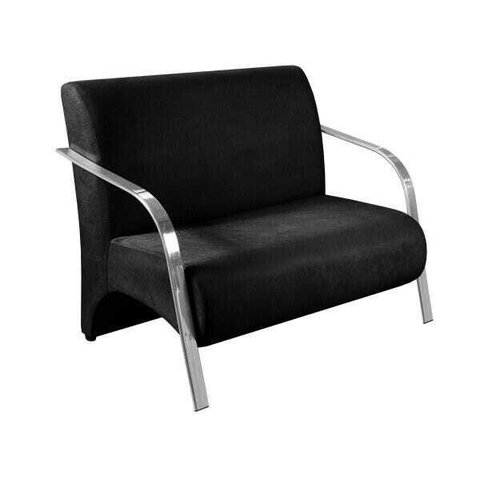 Poltrona Decorativa 2 Lugares Sevilha Braço Pé Alumínio Confortável para Sala Espera Suede Preto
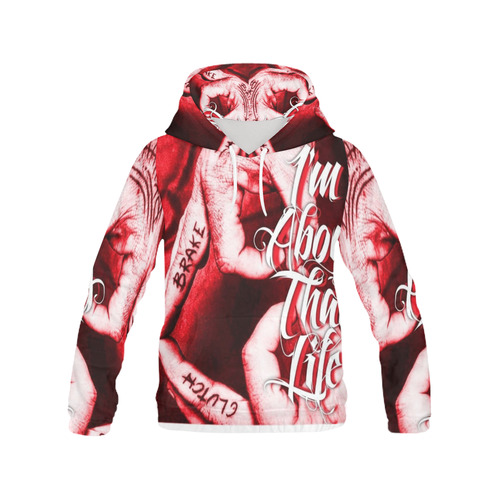 Life Red All Over All Over Print Hoodie for Men (USA Size) (Model H13)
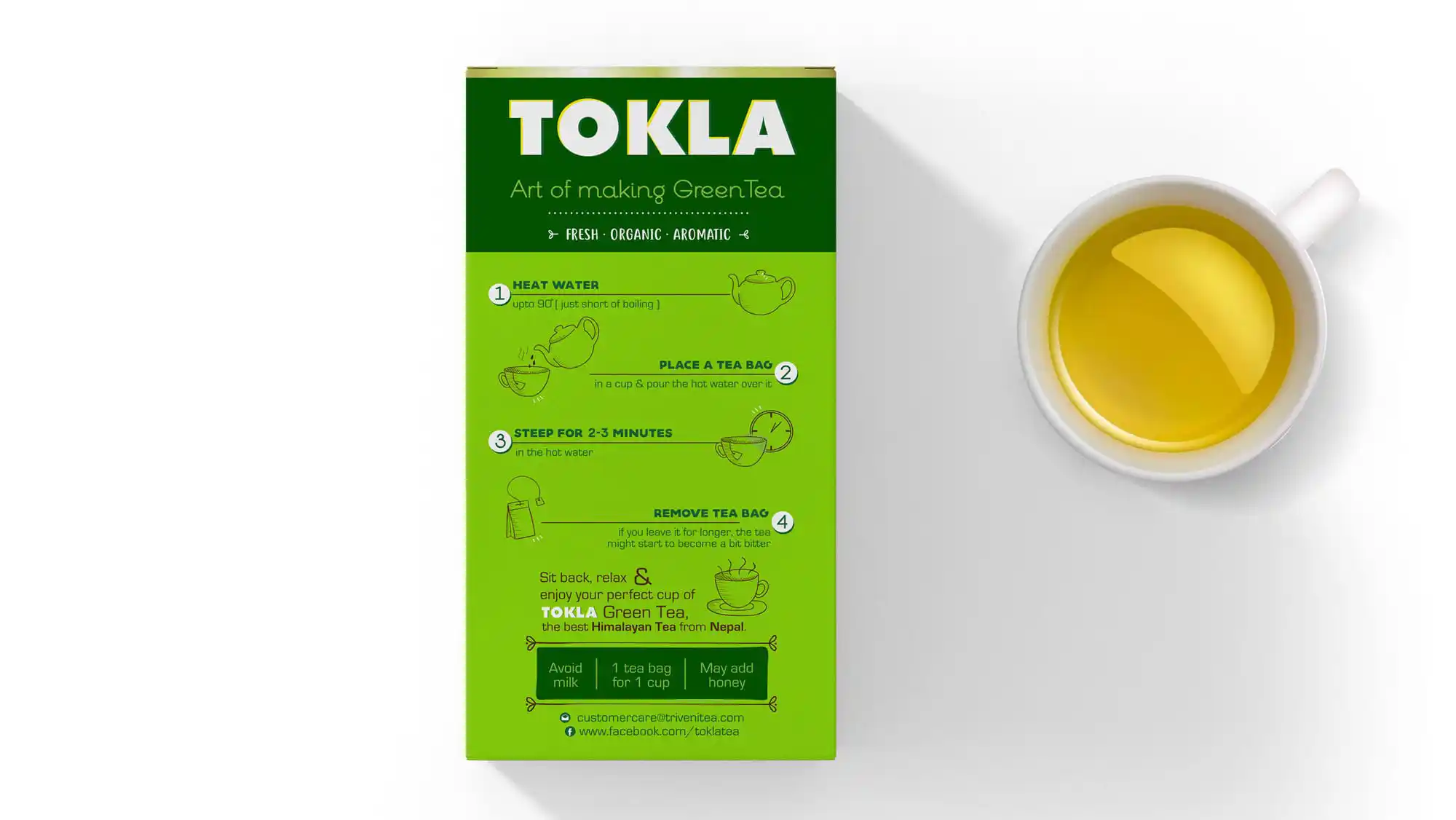 Tokla Green Tea - Almond Branding Top Global Design Agency Mumbai Nepal Tokla Green Tea Packaging Design Usage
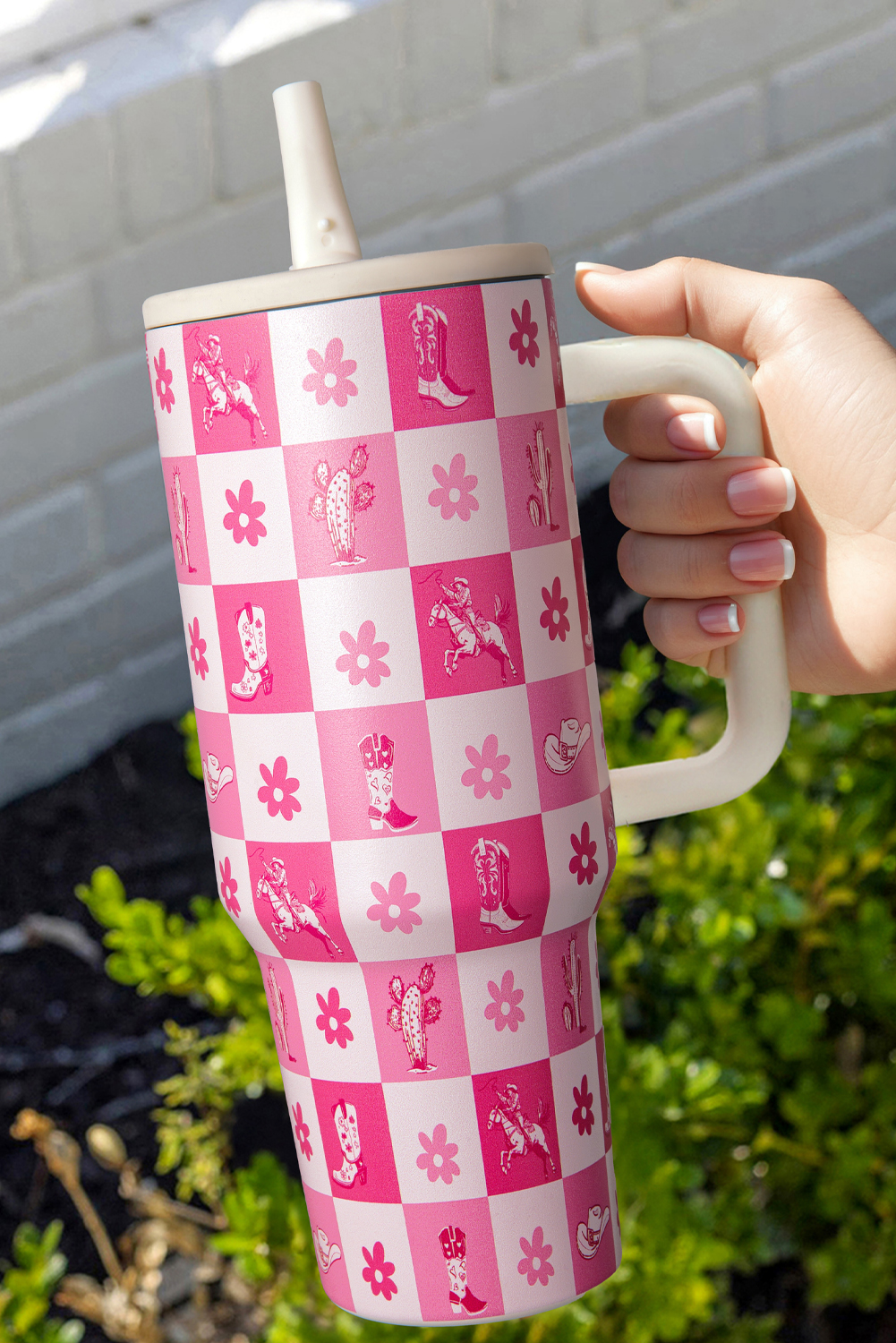 Rose Red Western Pattern Flower Checkered Print Insulated Tumbler 40OZ - loveforevers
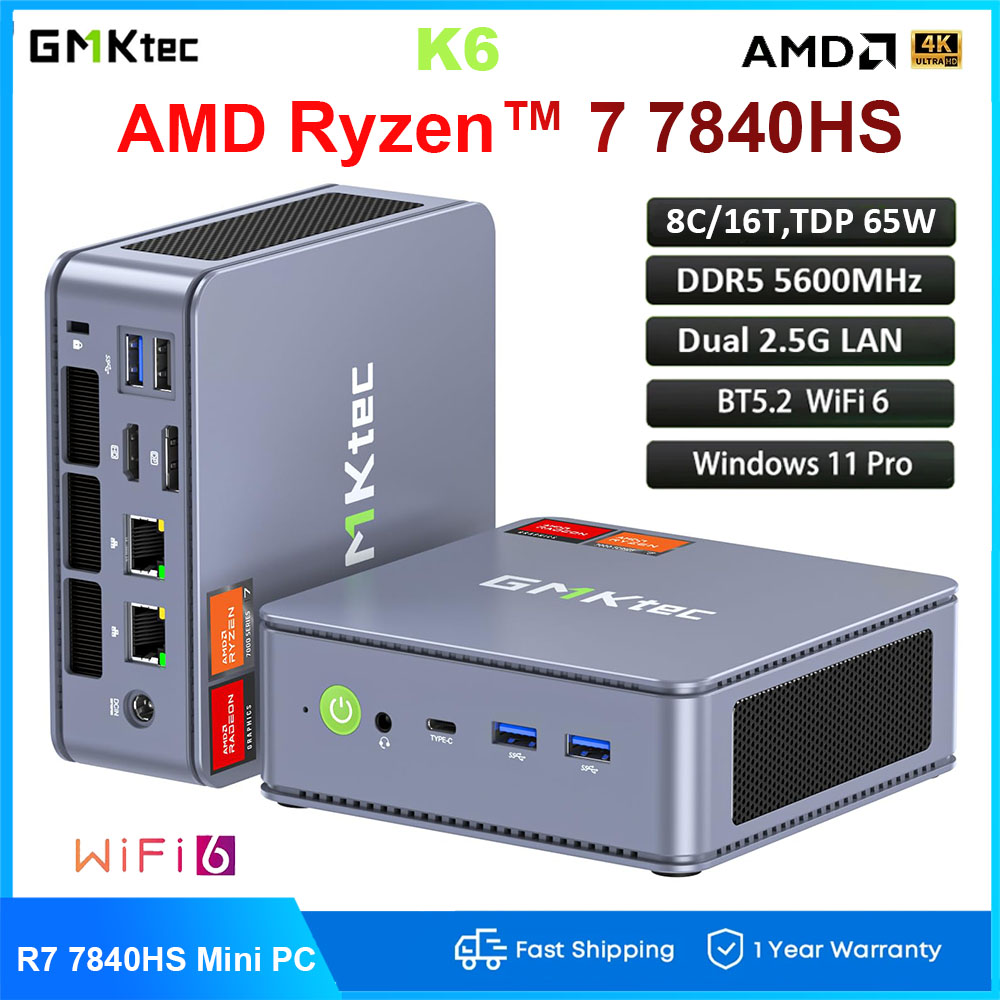 GMKtec K6 AMD R7 7840HS Mini PC DDR5 5600MHz PCIE 4.0 NVME SSD 2.5G LAN Desktop Computer WiFi6 BT5.2 ราคา 15,344 บาท*ส่งฟรี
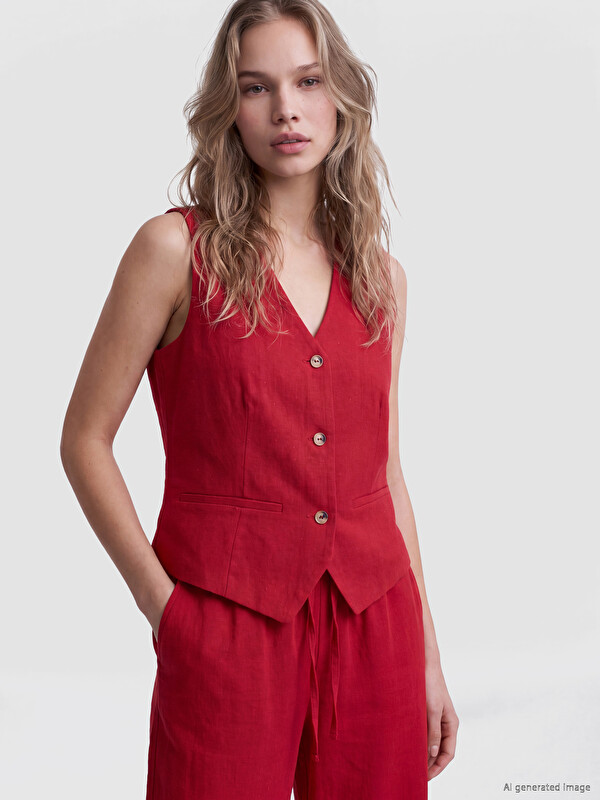 LCW Vision Linen Blend Women's Classic Waistcoat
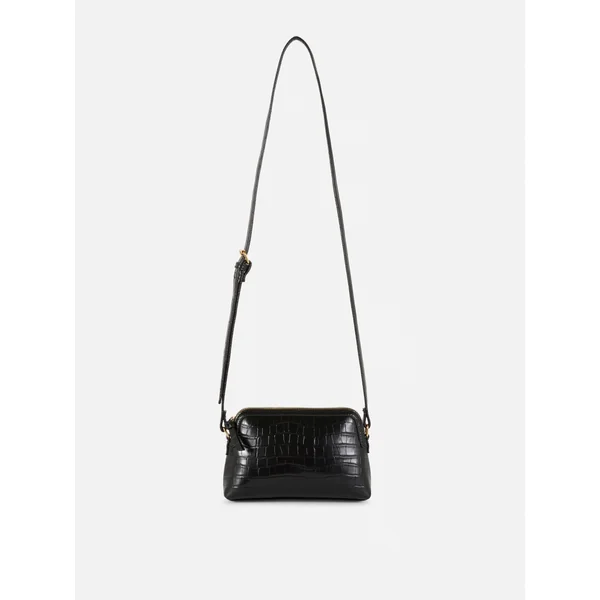 Textured Zip Top Crossbody Bag - Black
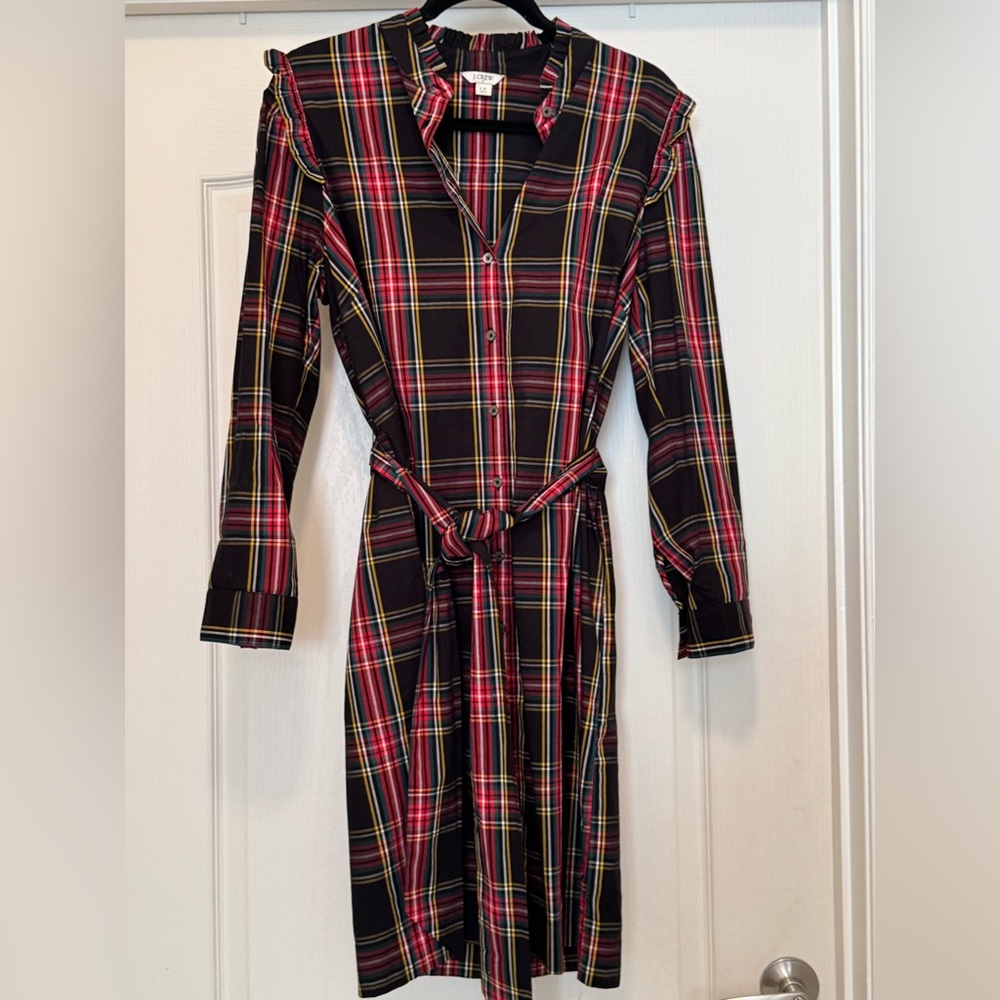 NWOT J CREW PLAID BUTTON DOWN SHIRT DRESS WITH RUFFLES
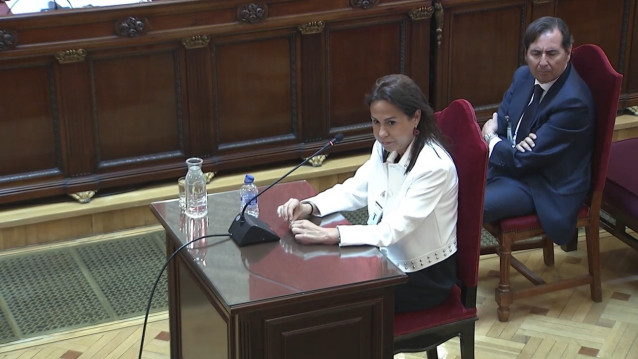 La expresidenta de Adif Isabel Pardo de Vera, durante su declaración como testigo en el Tribunal Supremo en el juicio de las mascarillas, en Madrid (España).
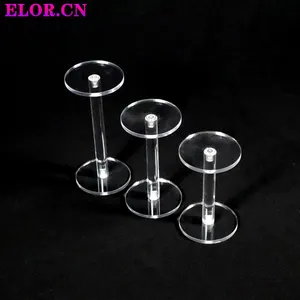 Transparenter rotierender Acryl zylinder 3 Ebenen Schmuck Kuchen Display Stand für ausgefallene Hochzeits torten Dekorationen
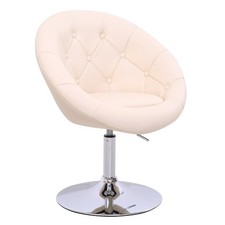 B-Ware SVITA HAVANNA Sessel Lounge Clubsessel Bar Drehsessel Retro Beige-Silber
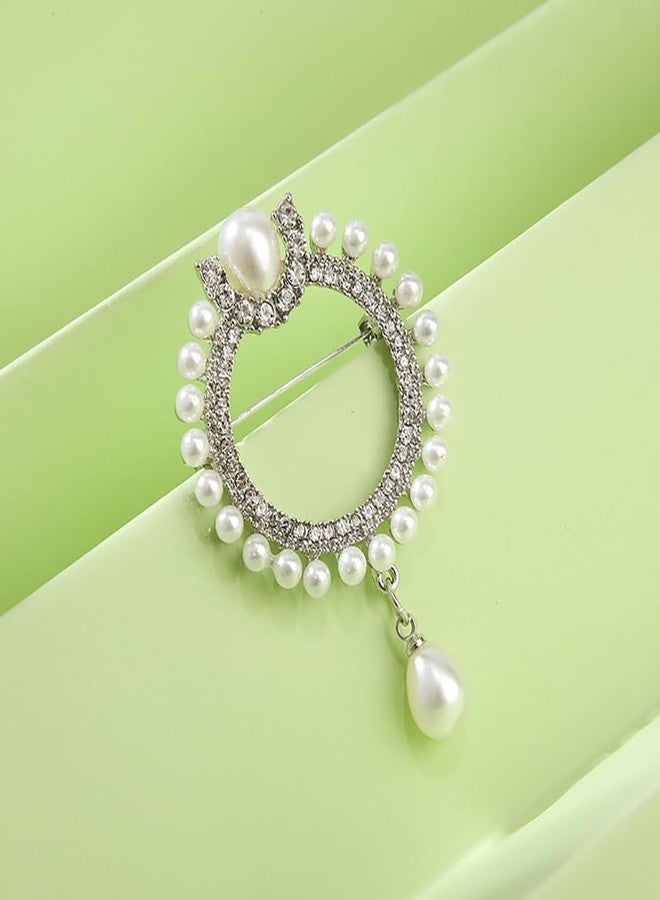 MXUHUI Elegant CZ Cubic Zirconia Round White Simulated Pearl Circle Brooch Pin for Women Wedding (Silver) - Image 2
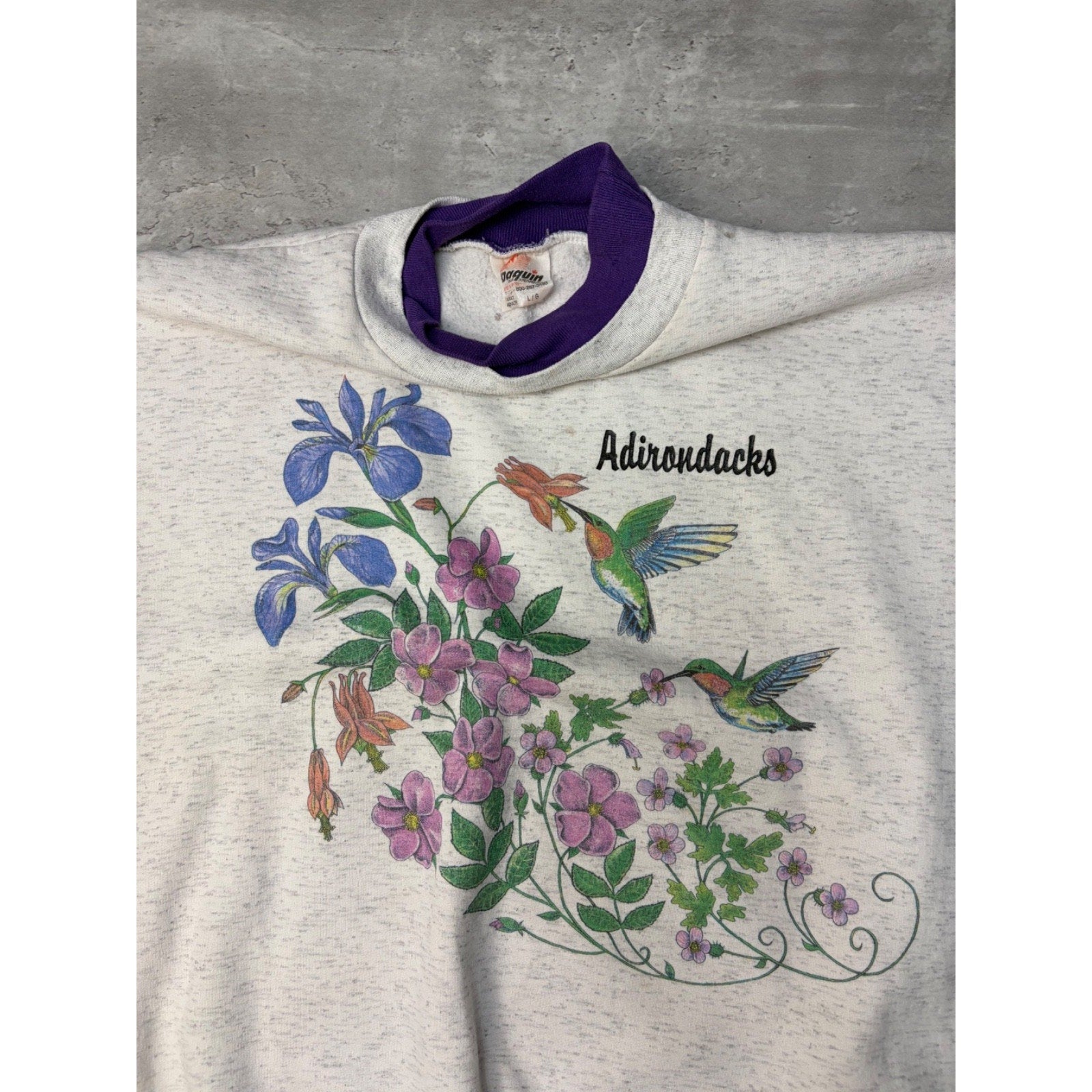 Vintage Adirondacks Hummingbird Nature Graphic Sweatshirt Size Large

* * * * * * * * *

What you will do
Reproduce exactly, and only, the lines from the opening line of the listing above through the line holding "B-Ware SVITA HAVANNA", minus the pictures.

Answer area
 Poltrona Decorativa 2 Lugares Sevilha Braço Pé Alumínio Confortável para Sala Espera Suede Preto
 Life Red All Over All Over Print Hoodie for Men (USA Size) (Model H13)
 Tokla Green Tea - Almond Branding Top Global Design Agency Mumbai Nepal Tokla Green Tea Packaging Design Usage
 Rose Red Western Pattern Flower Checkered Print Insulated Tumbler 40OZ - loveforevers
 GMKtec K6 AMD R7 7840HS Mini PC DDR5 5600MHz PCIE 4.0 NVME SSD 2.5G LAN Desktop Computer WiFi6 BT5.2 ราคา 15,344 บาท*ส่งฟรี
 LCW Vision Linen Blend Women's Classic Waistcoat
 Textured Zip Top Crossbody Bag - Black
 NWOT J CREW PLAID BUTTON DOWN SHIRT DRESS WITH RUFFLES
 La expresidenta de Adif Isabel Pardo de Vera, durante su declaración como testigo en el Tribunal Supremo en el juicio de las mascarillas, en Madrid (España).
 Transparenter rotierender Acryl zylinder 3 Ebenen Schmuck Kuchen Display Stand für ausgefallene Hochzeits torten Dekorationen
 B-Ware SVITA HAVANNA Sessel Lounge Clubsessel Bar Drehsessel Retro Beige-Silber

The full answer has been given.